» EXERCISE:
Down to the last line, restate the records below word for word, dropping every image.

Top of SUPPLIED INFORMATION

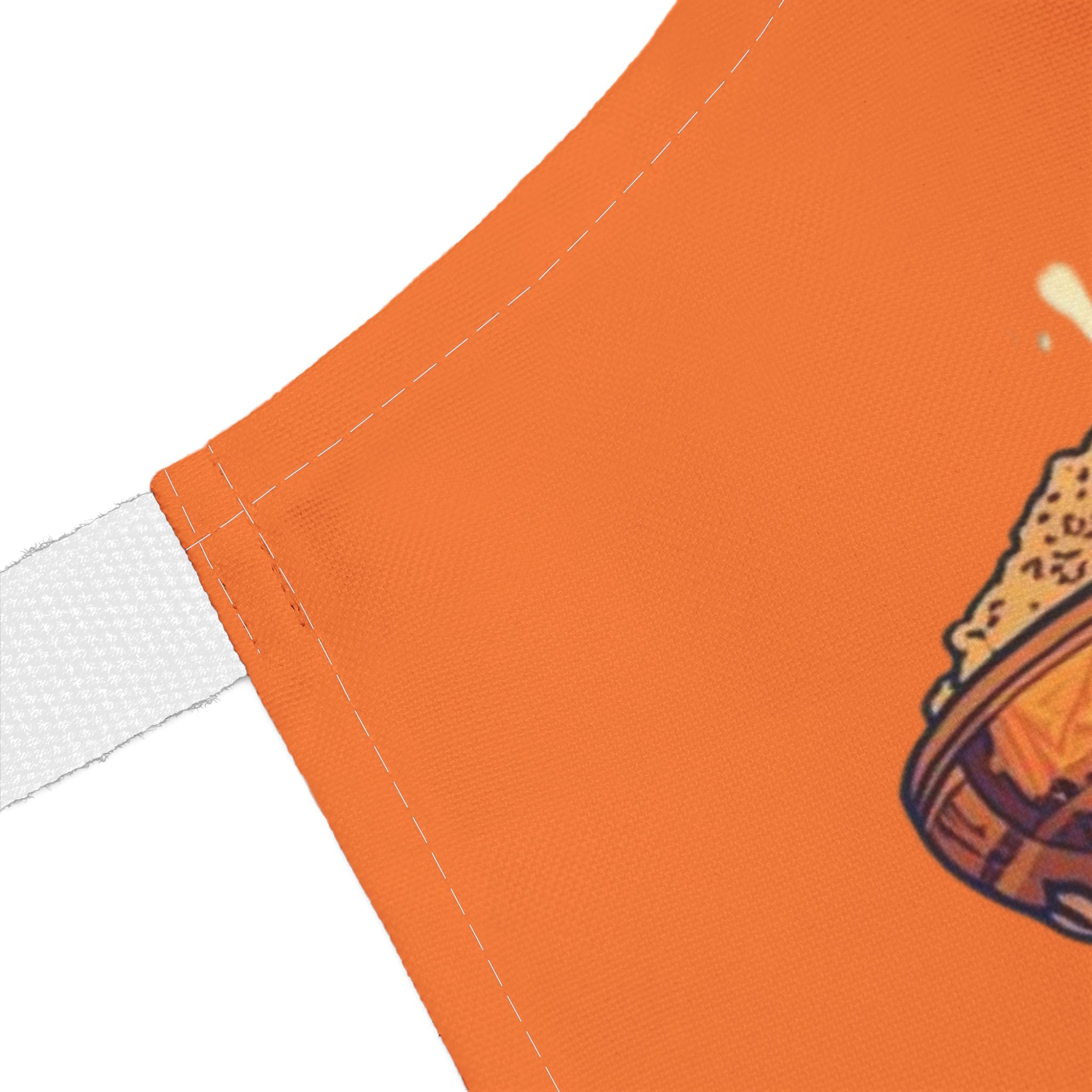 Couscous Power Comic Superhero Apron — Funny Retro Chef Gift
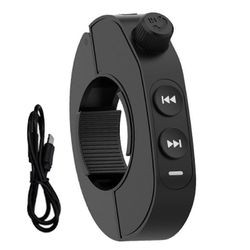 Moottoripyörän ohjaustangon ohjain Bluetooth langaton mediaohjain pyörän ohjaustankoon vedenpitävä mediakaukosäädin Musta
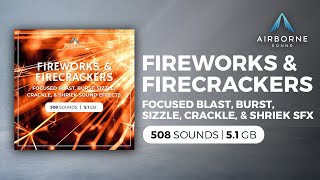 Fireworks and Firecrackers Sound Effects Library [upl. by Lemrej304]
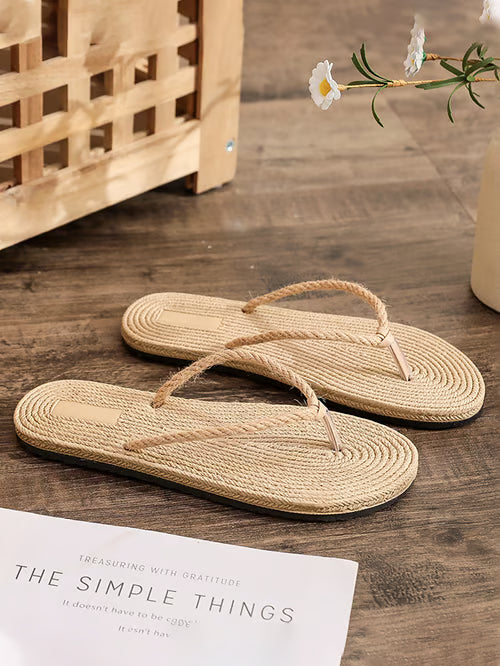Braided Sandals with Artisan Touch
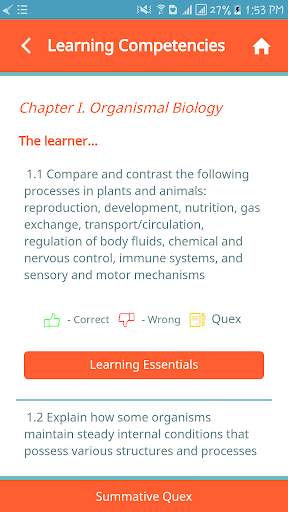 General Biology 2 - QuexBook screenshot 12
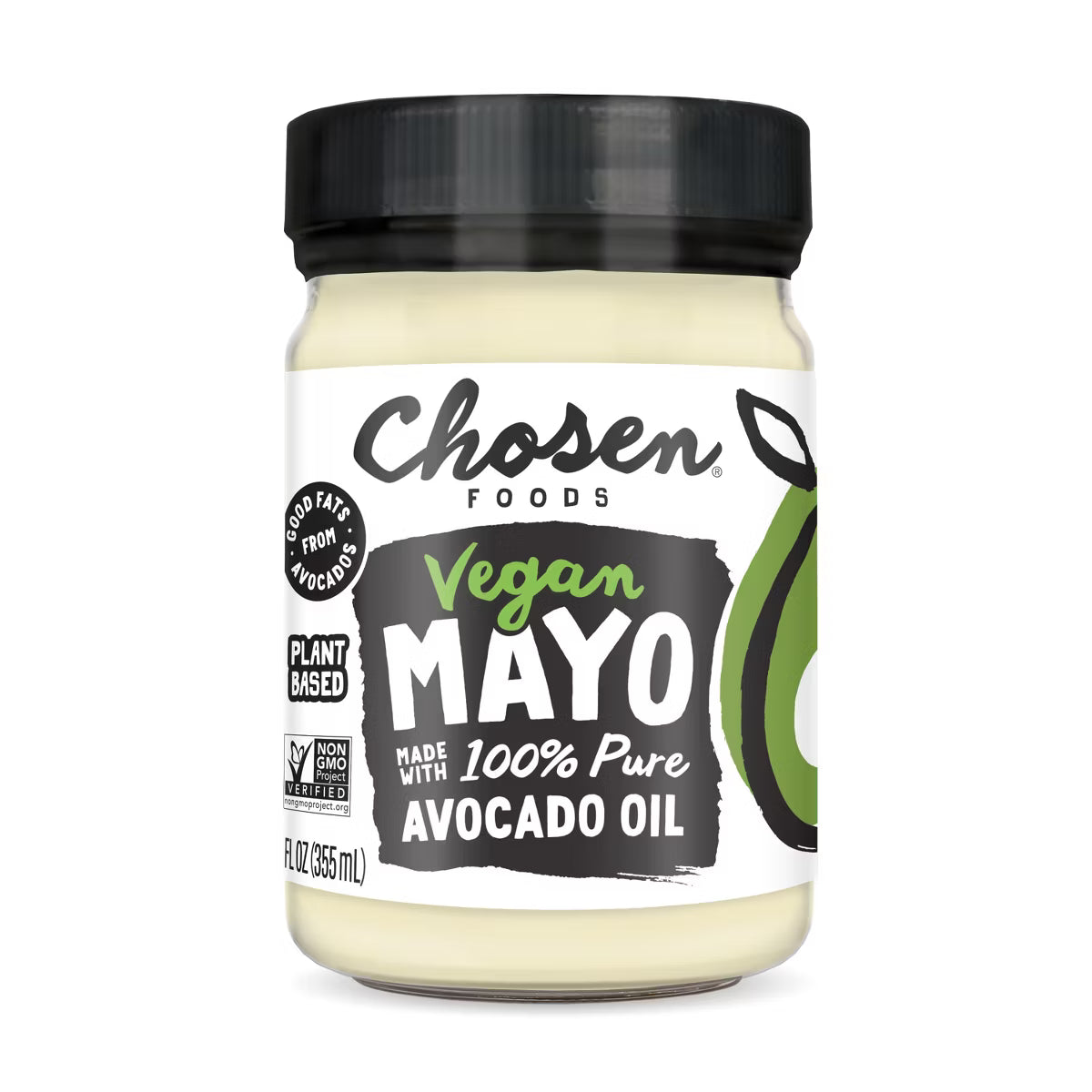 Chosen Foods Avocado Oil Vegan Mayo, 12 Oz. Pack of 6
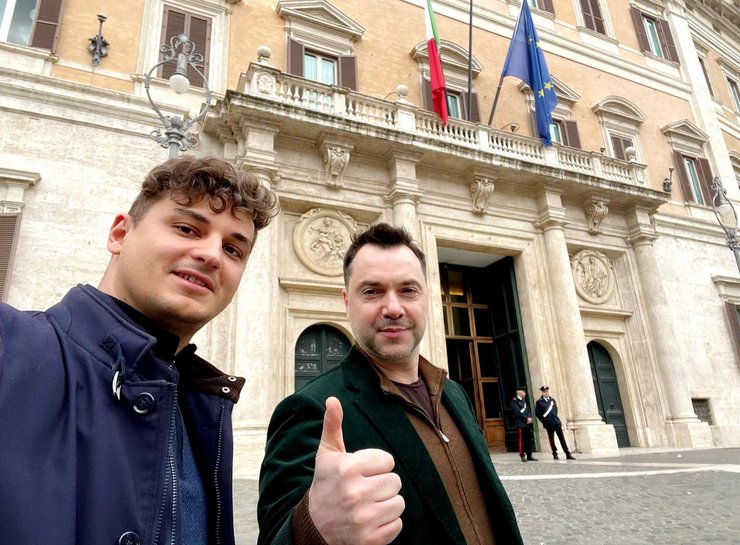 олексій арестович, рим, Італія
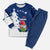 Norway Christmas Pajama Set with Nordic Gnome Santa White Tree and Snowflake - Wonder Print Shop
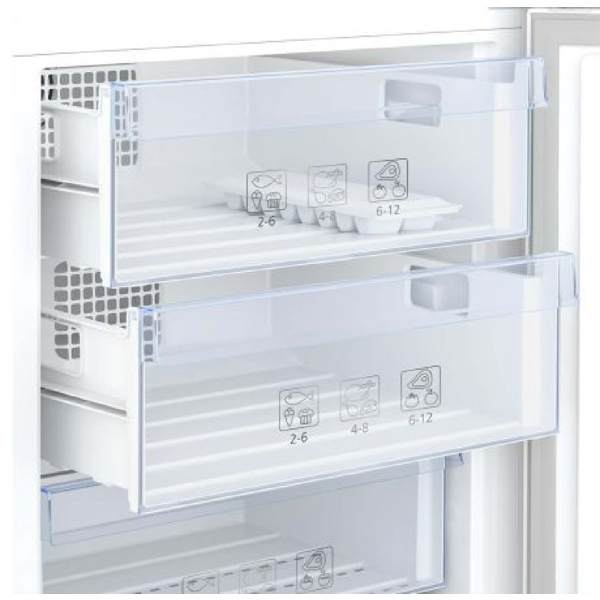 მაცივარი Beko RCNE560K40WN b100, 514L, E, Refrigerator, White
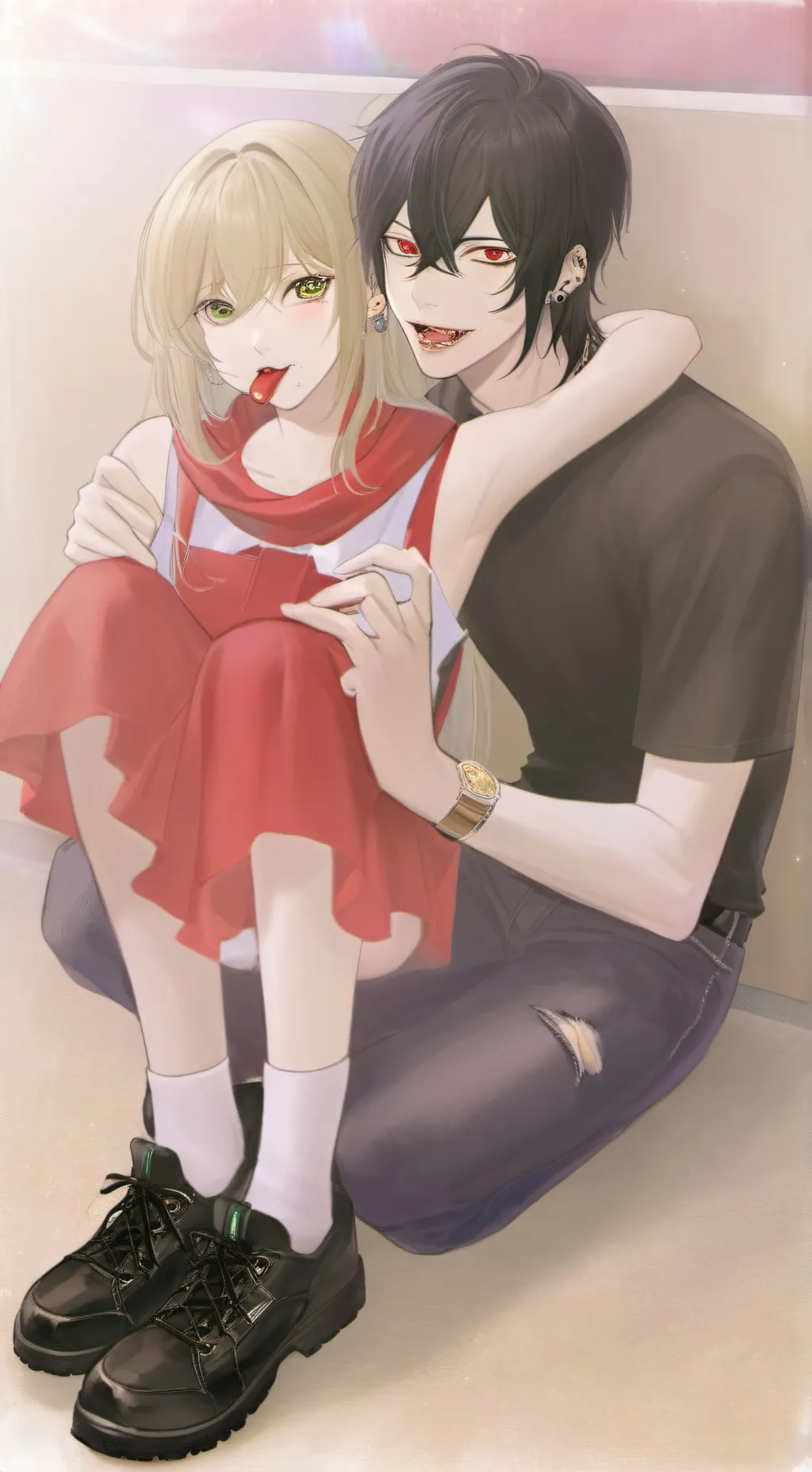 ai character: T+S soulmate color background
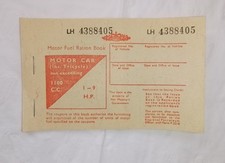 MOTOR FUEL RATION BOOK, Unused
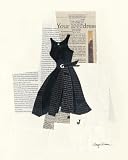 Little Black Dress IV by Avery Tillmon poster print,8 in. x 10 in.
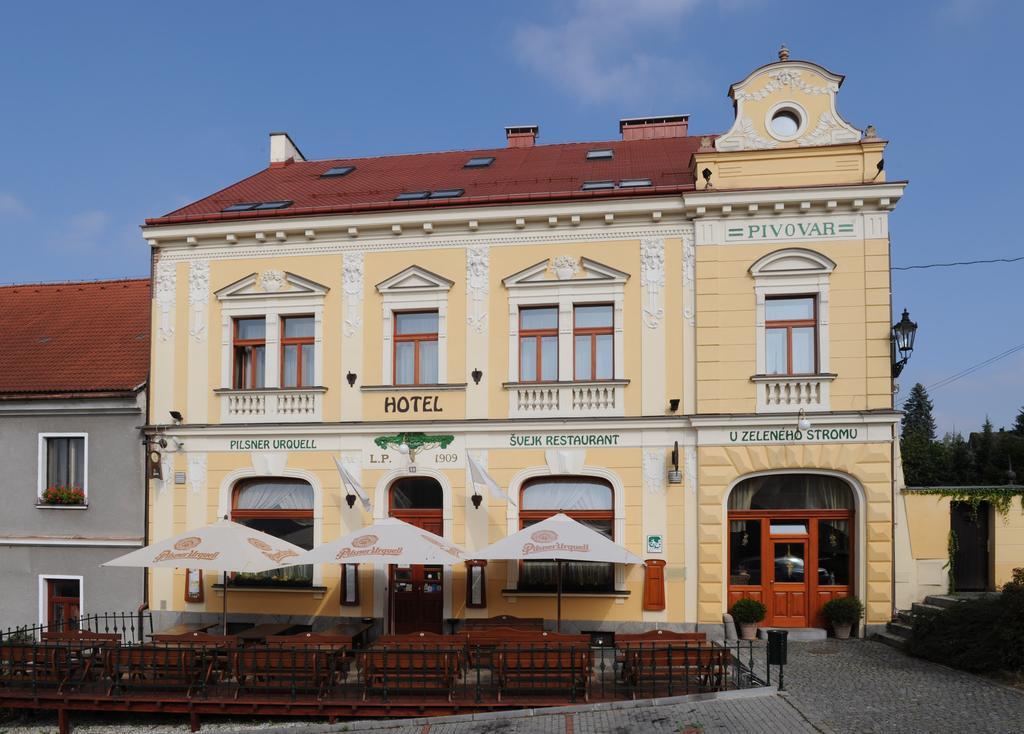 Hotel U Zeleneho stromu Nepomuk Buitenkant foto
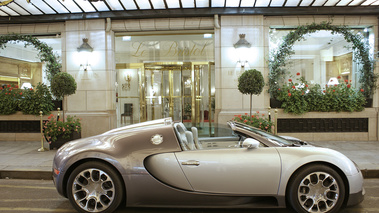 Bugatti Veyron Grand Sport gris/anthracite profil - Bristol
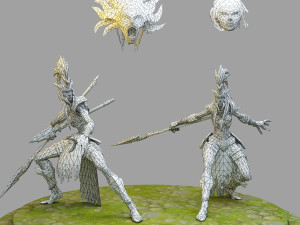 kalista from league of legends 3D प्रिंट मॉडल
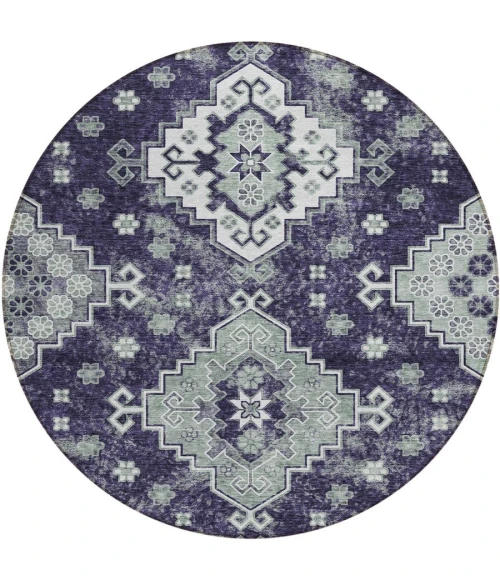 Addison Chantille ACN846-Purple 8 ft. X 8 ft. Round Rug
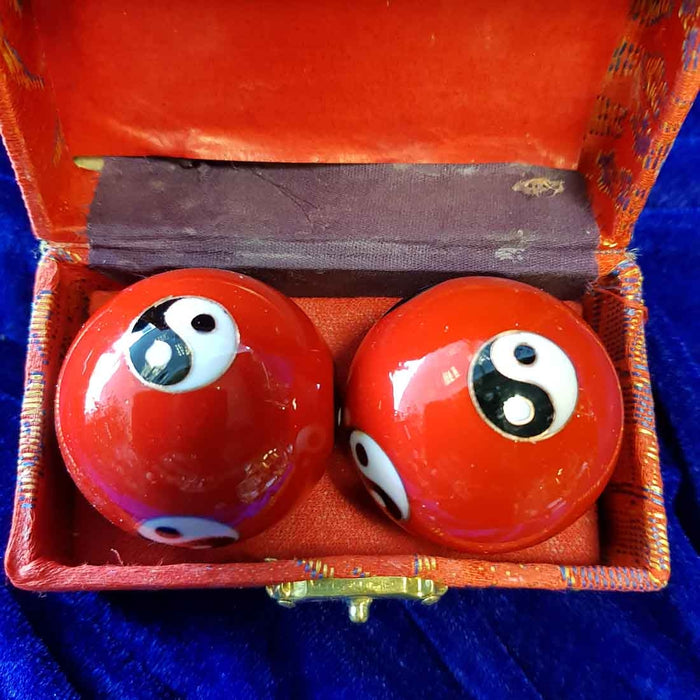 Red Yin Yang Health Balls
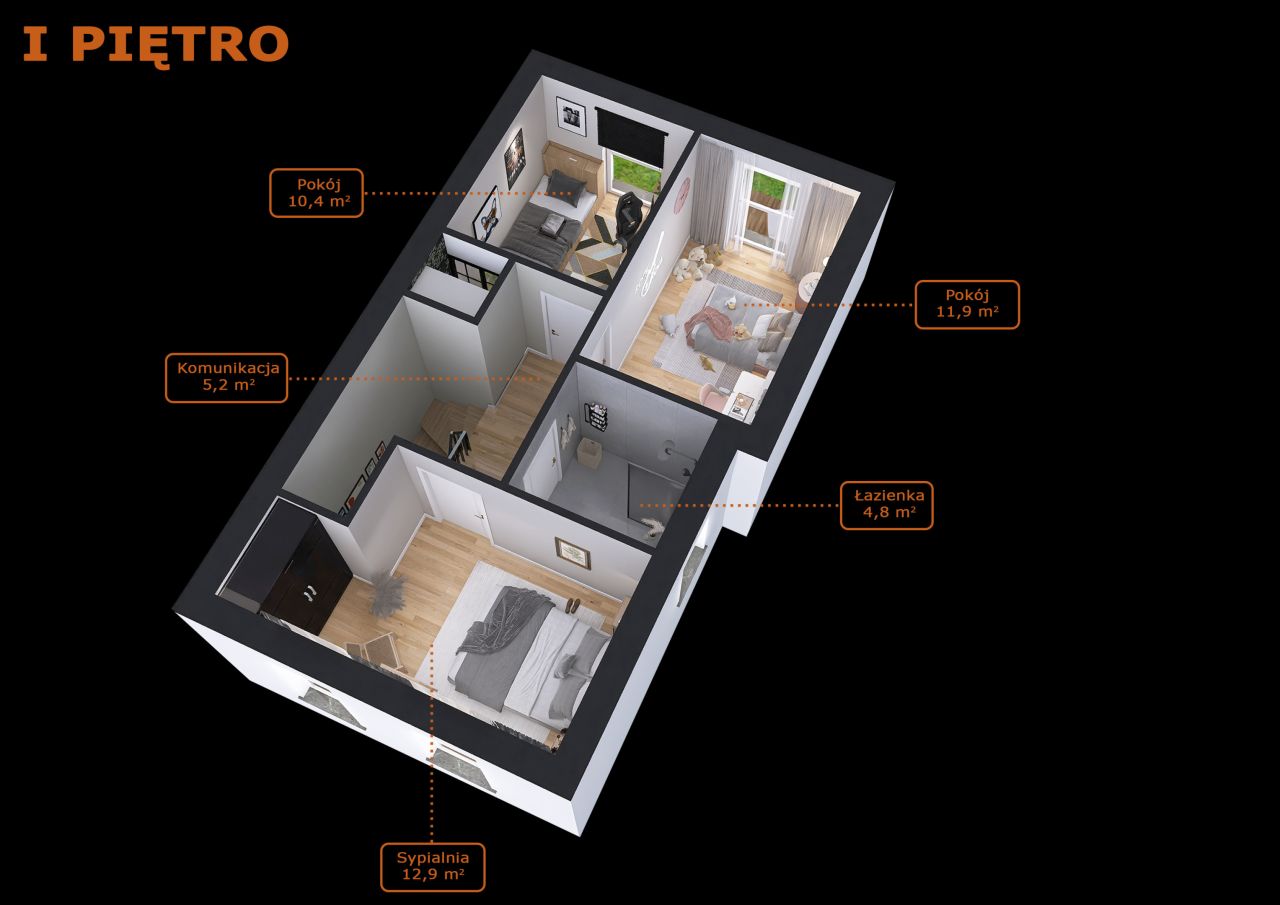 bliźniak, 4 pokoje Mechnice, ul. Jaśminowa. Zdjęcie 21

Bottom of SUPPLIED INFORMATION

» ANSWER AREA:
 Couscous Power Comic Superhero Apron — Funny Retro Chef Gift
 Moottoripyörän ohjaustangon ohjain Bluetooth langaton mediaohjain pyörän ohjaustankoon vedenpitävä mediakaukosäädin Musta
 Fireworks and Firecrackers Sound Effects Library [upl. by Lemrej304]
Braided Sandals with Artisan Touch
 General Biology 2 - QuexBook screenshot 12
 Chosen Foods Avocado Oil Vegan Mayo, 12 Oz. Pack of 6
 олексій арестович, рим, Італія
 Norway Christmas Pajama Set with Nordic Gnome Santa White Tree and Snowflake - Wonder Print Shop
 მაცივარი Beko RCNE560K40WN b100, 514L, E, Refrigerator, White
 ai character: T+S soulmate color background
 MOTOR FUEL RATION BOOK, Unused
 Little Black Dress IV by Avery Tillmon poster print,8 in. x 10 in.
 Hotel U Zeleneho stromu Nepomuk Buitenkant foto
 Bugatti Veyron Grand Sport gris/anthracite profil - Bristol
 kalista from league of legends 3D प्रिंट मॉडल
 Addison Chantille ACN846-Purple 8 ft. X 8 ft. Round Rug
 Red Yin Yang Health Balls
 bliźniak, 4 pokoje Mechnice, ul. Jaśminowa. Zdjęcie 21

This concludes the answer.